21.429 cognitive science like alchemy

From: Humanist Discussion Group (by way of Willard McCarty willard.mccarty_at_kcl.ac.uk>
Date: Thu, 20 Dec 2007 09:38:46 +0000

               Humanist Discussion Group, Vol. 21, No. 429.
       Centre for Computing in the Humanities, King's College London
  www.kcl.ac.uk/schools/humanities/cch/research/publications/humanist.html
                        www.princeton.edu/humanist/
                     Submit to: humanist_at_princeton.edu

         Date: Thu, 20 Dec 2007 09:32:14 +0000
         From: Andrew Brook <abrook_at_ccs.carleton.ca>
         Subject: Re: 21.416 cognitive science like alchemy

On the exchanges between Willard, myself and few others on computing
humanists respecting our history and the history of precursor
activities and the comparison between cognitive science and alchemy:

I won't quote the previous messages, which have tended to be lengthy.

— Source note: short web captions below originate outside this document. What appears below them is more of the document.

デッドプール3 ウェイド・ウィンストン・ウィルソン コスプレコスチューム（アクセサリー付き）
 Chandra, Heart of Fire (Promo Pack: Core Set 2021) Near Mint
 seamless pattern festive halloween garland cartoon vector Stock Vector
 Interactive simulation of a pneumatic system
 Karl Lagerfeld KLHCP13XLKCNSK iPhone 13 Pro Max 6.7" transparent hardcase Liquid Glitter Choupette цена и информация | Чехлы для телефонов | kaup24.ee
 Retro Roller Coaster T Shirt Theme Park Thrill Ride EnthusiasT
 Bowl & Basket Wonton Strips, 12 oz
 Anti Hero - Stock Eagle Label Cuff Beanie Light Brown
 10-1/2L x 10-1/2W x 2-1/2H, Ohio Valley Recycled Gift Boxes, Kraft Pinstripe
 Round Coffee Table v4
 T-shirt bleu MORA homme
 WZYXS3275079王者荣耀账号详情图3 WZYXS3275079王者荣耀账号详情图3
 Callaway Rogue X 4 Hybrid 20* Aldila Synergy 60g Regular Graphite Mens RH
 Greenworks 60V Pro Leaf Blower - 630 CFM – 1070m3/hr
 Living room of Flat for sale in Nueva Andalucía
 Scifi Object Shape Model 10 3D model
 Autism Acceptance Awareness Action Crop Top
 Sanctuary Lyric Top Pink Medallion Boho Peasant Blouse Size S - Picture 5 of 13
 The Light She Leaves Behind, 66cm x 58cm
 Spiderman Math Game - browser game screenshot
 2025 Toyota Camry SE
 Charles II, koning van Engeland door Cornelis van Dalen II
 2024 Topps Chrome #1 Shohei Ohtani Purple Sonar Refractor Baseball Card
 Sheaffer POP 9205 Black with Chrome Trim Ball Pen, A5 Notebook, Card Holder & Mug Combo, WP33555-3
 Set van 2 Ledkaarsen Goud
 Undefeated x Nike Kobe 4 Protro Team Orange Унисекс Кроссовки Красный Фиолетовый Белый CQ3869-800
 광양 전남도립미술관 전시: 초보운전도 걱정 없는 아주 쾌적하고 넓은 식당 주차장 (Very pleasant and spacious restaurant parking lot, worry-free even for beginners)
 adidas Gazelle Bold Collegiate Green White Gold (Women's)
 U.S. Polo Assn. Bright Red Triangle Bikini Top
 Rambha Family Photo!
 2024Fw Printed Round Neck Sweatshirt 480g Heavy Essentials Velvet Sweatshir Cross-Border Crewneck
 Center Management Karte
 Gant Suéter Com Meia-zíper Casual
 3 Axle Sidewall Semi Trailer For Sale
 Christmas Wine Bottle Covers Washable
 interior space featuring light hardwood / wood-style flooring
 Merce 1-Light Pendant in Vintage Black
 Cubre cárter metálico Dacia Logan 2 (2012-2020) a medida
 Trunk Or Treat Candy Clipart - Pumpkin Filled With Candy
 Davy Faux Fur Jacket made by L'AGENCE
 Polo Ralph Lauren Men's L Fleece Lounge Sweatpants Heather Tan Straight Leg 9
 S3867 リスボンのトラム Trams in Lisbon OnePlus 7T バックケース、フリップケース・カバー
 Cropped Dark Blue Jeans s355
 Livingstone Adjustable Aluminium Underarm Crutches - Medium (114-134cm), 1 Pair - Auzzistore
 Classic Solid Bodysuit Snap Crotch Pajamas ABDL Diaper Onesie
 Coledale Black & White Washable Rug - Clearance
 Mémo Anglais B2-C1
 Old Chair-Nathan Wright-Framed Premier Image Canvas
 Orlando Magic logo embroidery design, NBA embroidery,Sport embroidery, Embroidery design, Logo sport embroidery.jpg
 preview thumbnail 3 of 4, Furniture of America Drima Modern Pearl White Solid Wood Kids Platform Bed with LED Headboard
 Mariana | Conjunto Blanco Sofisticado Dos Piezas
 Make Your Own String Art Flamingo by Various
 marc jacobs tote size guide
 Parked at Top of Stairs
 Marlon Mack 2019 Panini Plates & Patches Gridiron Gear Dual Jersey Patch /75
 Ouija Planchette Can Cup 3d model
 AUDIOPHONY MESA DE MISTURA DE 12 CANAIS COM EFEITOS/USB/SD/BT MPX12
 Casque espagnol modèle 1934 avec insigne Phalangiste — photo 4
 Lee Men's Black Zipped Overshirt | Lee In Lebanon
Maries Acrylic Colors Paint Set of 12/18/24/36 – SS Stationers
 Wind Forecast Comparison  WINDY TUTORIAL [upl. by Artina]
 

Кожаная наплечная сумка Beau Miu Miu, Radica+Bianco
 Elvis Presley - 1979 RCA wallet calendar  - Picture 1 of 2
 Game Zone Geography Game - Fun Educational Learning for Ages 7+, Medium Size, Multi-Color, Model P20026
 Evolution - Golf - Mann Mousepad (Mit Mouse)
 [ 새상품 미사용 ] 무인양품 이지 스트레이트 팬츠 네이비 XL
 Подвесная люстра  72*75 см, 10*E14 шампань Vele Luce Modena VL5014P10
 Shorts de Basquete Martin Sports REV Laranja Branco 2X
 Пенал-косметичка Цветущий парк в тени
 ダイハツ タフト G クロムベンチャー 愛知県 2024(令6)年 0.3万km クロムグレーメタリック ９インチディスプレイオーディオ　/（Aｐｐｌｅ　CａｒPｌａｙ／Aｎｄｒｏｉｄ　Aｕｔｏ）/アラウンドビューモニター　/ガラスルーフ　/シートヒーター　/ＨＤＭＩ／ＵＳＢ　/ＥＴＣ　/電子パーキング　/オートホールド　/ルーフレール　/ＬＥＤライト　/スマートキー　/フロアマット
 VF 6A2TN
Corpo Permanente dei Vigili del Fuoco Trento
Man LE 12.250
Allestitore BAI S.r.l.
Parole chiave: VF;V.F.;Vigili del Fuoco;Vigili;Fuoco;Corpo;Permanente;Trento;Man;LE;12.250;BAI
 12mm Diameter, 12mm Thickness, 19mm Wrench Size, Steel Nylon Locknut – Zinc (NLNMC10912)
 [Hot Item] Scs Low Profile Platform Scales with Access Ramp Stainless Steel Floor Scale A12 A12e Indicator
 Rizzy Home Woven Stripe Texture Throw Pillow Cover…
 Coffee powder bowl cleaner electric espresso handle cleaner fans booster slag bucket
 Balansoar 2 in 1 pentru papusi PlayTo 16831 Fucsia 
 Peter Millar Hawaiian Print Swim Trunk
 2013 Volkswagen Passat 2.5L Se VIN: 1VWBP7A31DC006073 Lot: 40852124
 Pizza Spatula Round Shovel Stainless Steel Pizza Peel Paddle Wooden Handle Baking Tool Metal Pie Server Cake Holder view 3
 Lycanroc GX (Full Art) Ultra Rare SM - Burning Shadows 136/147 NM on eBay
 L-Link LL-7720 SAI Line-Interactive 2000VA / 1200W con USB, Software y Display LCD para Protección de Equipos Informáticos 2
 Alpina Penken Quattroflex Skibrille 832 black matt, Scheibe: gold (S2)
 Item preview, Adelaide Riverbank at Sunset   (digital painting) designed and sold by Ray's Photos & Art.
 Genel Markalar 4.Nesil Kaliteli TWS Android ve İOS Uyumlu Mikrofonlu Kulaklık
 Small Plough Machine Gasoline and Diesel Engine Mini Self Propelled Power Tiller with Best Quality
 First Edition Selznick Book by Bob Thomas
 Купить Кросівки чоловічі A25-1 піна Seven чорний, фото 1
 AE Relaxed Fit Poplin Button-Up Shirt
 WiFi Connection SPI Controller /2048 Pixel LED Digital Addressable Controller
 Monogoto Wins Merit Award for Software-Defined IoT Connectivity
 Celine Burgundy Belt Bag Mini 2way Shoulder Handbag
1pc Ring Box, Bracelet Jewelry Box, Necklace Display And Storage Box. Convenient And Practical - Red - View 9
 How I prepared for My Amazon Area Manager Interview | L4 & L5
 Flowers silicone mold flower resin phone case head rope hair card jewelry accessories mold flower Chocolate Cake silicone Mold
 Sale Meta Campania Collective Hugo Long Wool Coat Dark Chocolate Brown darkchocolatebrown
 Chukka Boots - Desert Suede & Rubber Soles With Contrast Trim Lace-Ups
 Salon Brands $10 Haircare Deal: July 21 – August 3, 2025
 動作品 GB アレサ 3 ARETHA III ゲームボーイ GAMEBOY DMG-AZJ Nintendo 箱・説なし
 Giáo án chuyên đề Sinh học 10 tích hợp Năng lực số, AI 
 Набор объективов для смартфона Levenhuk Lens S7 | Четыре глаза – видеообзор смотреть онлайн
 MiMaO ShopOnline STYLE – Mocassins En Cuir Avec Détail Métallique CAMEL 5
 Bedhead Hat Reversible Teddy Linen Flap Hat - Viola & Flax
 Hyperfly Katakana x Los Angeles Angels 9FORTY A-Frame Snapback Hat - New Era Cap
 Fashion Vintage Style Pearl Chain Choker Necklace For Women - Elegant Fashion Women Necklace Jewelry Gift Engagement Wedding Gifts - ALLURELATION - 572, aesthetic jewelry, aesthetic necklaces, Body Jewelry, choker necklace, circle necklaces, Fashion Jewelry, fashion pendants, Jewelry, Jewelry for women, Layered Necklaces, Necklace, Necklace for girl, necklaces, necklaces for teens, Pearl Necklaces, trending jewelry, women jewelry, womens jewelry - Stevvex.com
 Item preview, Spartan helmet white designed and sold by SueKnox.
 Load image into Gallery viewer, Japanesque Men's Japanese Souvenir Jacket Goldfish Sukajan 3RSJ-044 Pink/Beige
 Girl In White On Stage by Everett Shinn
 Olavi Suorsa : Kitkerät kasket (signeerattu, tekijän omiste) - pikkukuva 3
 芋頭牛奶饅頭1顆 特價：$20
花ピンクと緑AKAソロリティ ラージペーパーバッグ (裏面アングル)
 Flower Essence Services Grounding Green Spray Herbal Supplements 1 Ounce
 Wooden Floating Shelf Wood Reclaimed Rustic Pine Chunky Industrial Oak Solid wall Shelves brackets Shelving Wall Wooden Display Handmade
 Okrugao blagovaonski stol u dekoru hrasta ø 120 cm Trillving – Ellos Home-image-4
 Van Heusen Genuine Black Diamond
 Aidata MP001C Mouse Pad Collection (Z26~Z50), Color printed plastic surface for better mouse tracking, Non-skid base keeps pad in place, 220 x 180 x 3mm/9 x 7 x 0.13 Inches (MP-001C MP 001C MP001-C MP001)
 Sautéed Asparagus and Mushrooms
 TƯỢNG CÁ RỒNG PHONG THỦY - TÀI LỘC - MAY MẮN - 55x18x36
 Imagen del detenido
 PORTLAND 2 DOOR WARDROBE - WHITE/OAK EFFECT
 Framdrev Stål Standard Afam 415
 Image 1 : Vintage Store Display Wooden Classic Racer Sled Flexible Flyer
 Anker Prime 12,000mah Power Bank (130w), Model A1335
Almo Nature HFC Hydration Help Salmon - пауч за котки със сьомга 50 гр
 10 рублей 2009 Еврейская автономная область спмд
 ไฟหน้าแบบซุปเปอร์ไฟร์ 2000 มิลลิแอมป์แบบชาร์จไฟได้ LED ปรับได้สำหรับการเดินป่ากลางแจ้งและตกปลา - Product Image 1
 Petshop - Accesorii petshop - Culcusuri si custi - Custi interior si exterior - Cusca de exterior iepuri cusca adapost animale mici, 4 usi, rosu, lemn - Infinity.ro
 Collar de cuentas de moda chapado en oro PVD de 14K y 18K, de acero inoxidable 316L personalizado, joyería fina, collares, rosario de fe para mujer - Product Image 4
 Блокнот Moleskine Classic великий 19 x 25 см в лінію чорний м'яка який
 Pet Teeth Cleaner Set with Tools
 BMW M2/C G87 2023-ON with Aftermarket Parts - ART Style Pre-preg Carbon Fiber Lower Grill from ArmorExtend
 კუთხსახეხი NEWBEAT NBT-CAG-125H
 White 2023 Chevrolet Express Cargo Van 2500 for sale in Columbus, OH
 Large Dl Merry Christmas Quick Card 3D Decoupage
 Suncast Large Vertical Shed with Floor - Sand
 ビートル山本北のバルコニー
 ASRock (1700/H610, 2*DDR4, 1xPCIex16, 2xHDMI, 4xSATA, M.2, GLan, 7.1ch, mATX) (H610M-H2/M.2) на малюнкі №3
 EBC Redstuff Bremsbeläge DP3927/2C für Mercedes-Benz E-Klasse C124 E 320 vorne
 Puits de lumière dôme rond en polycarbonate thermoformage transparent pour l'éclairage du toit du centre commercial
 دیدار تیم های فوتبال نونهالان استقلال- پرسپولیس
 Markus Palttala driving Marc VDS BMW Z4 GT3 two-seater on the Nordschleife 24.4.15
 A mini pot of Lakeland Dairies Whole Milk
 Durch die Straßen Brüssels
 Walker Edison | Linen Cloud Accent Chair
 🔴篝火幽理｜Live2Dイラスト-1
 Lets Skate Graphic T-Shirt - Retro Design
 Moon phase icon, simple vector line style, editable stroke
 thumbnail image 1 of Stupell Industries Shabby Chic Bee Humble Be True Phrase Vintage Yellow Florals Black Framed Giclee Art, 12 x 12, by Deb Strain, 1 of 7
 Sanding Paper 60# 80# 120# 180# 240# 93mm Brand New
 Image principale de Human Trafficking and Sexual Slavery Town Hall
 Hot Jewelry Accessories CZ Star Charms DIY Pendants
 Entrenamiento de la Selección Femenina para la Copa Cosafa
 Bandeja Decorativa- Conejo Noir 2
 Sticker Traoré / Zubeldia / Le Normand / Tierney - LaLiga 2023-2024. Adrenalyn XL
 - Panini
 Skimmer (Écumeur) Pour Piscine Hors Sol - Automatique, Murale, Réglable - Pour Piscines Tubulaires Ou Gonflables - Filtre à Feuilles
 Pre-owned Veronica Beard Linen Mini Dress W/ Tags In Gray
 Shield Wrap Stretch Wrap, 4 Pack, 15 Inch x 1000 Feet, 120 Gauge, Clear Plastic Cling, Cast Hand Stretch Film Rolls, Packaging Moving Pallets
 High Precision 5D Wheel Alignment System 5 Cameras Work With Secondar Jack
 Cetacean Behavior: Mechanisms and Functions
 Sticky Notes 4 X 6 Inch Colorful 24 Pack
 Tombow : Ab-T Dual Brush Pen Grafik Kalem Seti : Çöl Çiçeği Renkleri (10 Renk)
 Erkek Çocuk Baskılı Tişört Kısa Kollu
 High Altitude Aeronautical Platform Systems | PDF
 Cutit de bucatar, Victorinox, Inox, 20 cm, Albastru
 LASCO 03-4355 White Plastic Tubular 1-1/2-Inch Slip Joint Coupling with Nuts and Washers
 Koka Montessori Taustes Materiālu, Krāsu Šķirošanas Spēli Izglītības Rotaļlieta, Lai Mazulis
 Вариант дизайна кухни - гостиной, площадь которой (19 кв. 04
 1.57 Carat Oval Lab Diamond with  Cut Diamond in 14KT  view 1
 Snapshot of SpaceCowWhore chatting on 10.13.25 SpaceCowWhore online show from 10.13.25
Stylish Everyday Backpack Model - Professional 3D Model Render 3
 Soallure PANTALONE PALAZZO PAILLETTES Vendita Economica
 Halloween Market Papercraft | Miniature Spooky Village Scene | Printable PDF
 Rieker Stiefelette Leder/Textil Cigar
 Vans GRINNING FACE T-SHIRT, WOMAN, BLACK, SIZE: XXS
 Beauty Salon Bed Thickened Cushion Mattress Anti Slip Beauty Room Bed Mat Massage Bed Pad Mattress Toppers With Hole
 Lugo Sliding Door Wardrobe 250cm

Willard, I entirely agree with you that how the history of an
activity looked to the participants is often, maybe always, very
different from how it looks to later folk who know how things turned
out. What I was unclear about it what you wanted to build on that
fact. Certainly if what we want is accurate, informative history,
reconstructing how things had to have looked to participants is
important, even essential. But what if our interest is in knowing
what our current activities are like, activity where we don't know
the outcome. There are definitely two (or more) schools of thought on
this and I have never known how to resolve the disagreement.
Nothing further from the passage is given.